My name is Mo and I have been training for about five years in various kung fu styles. 

I started out as a severe asthmatic. It took me longer to advance in martial arts due to that, so I am by no means worthy of saying I have been a martial artist for five years. 

I look forward to future discussions with everyone and I would like to thank the owners and staff for the time they put in to make this site possible. So, Thank you!


----------



## Steve (Nov 7, 2015)

Welcome to the site.


----------



## Buka (Nov 7, 2015)

Hi, Mo, welcome aboard.


----------



## Danny T (Nov 7, 2015)

KFMo said:


> I would like to introduce myself before posting anywhere else.
> 
> My name is Mo and I have been training for about five years in various kung fu styles.
> 
> ...


Hi Mo,
Welcome. Many good people and excellent martial artists here and if you have been training regularly for the past 5 years you are a one of them. Don't discount yourself. Enjoy the discussions.


----------



## KFMo01 (Nov 7, 2015)

I have taken a few months off sense I started but other than that there hasn't been a week that I didn't train. I can't say I train every day, unless you count those slight  moves you can throw into your daily life that no one notices. He he he, if my coworkers only knew what I was doing. Lol


----------



## KFMo01 (Nov 8, 2015)

Danny T said:


> Hi Mo,
> Welcome. Many good people and excellent martial artists here and if you have been training regularly for the past 5 years you are a one of them. Don't discount yourself. Enjoy the discussions.



Thank You!


----------



## Danny T (Nov 8, 2015)

KFMo01 said:


> I have taken a few months off sense I started but other than that there hasn't been a week that I didn't train. I can't say I train every day, unless you count those slight  moves you can throw into your daily life that no one notices. He he he, if my coworkers only knew what I was doing. Lol


Oh yeah! Your hooked! One can train on something everyday.


----------



## KFMo01 (Nov 8, 2015)

It makes life more interesting. It looks like I just handed you a piece of paper, but in my mind I was practicing a spear hand, to your gut.


----------



## KFMo01 (Nov 8, 2015)

KFMo01 said:


> It makes life more interesting. It looks like I just handed you a piece of paper, but in my mind I was practicing a spear hand, to your gut.

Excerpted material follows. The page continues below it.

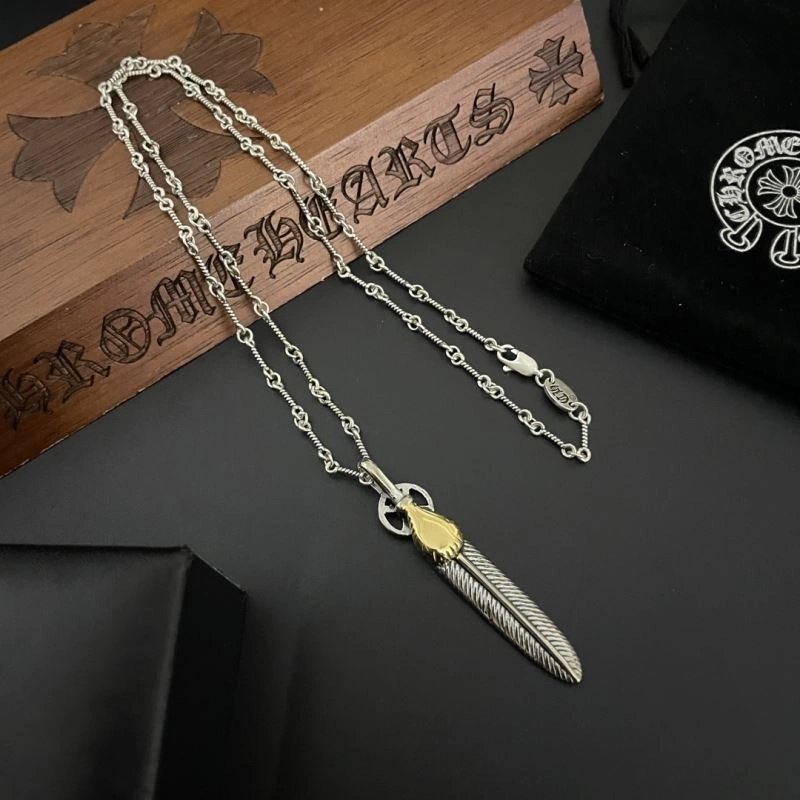Chrxmx Hxxrts Necklaces Bright 300736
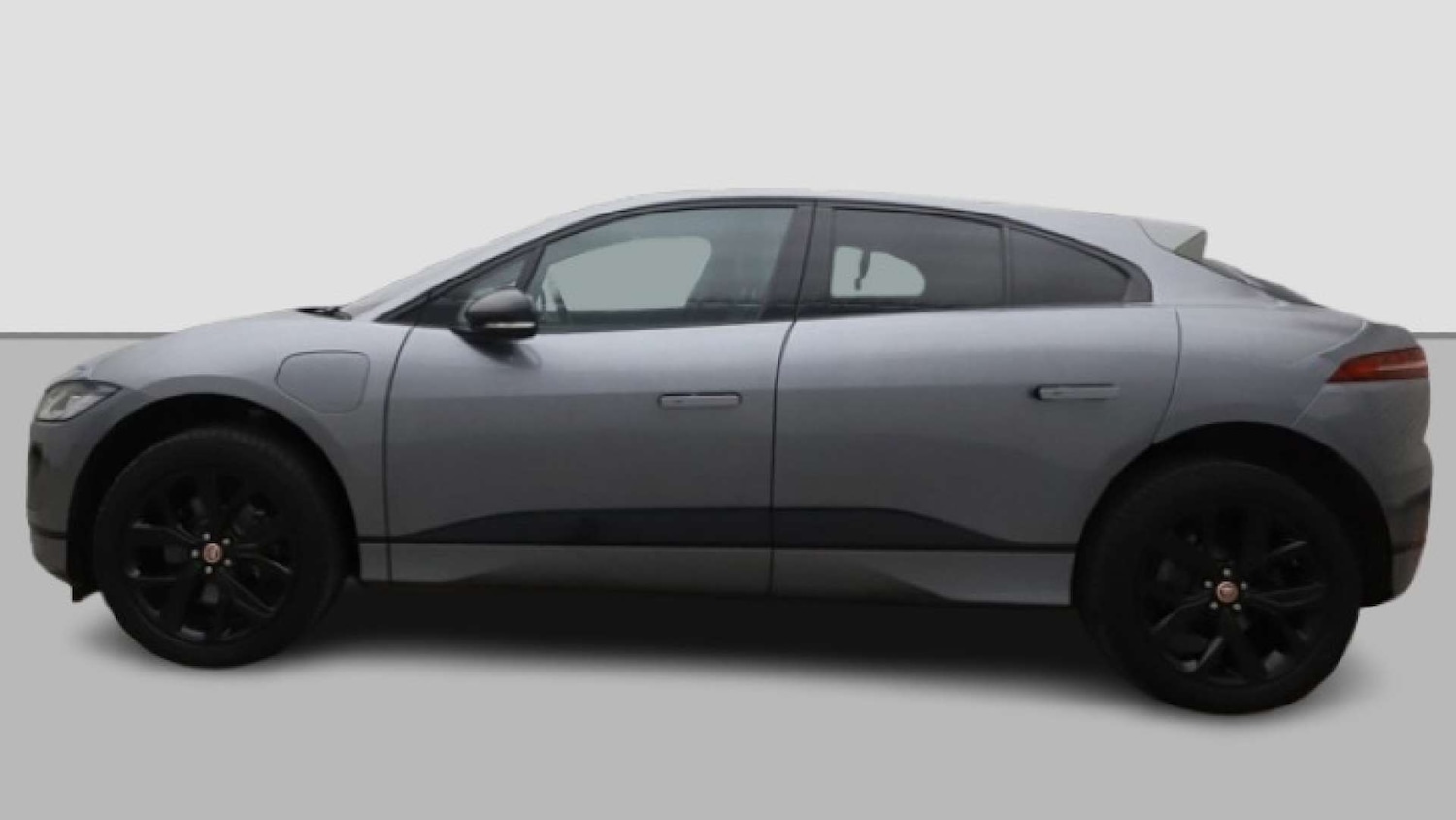 Used Jaguar I-Pace 2021 for sale - 76599667: Photo 9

Ok, I meant this as a reply to the above post.  I am still trying to remember how tapatalk works.


----------



## KFMo01 (Nov 8, 2015)

It's a slow spear hand though. Ok now I just seem odd, I am probably the only person who does this. Or am I? 

Does anyone ever practice strikes when out and about. For example, when I run my hand through my hair, mentally I am aiming and practicing an upward elbow strike to someone 5 feet or further away from me. It's not much but it keeps my mind focused on training. Anyone think this is a good, bad or irrelevant idea? Why?


----------



## Danny T (Nov 8, 2015)

KFMo01 said:


> It's a slow spear hand though. Ok now I just seem odd, I am probably the only person who does this. Or am I?
> 
> Does anyone ever practice strikes when out and about. For example, when I run my hand through my hair, mentally I am aiming and practicing an upward elbow strike to someone 5 feet or further away from me. It's not much but it keeps my mind focused on training. Anyone think this is a good, bad or irrelevant idea? Why?


Lol
You are not alone; most all the people here do or have done the same in some fashion.


----------



## KFMo01 (Nov 8, 2015)

Good to hear


----------



## clfsean (Nov 8, 2015)

Hey Mo! Glad you made it work!


----------



## KFMo01 (Nov 8, 2015)

Hi Sean! I'm glad to be back on a marital art forum, thank you for the invite. You have been a positive influence on my Kung fu journey for many years, I look forward to our conversations on here.


----------



## KFMo01 (Nov 8, 2015)

Is there anyone else on here I  may know?


----------



## clfsean (Nov 8, 2015)

KFMo01 said:


> Is there anyone else on here I  may know?


Xue Sheng is in & out ... maybe but with other screen names, I'm not sure. It's a new bunch.


----------



## Koshiki (Nov 8, 2015)

Welcome Mo! These guys are great. 

In regards to covert practice when out and about, yeah I do that too. I mean, we're all hear because we _enjoy_ getting punched. You can't really expect too much sanity, can you?

On the subject of Severe Asthma: The man I learned the most from in Martial Arts was a severe asthmatic, training when he could, and training when he shouldn't, and then not training when he couldn't. He was an amazing man.


----------



## oftheherd1 (Nov 12, 2015)

Welcome to MT.


----------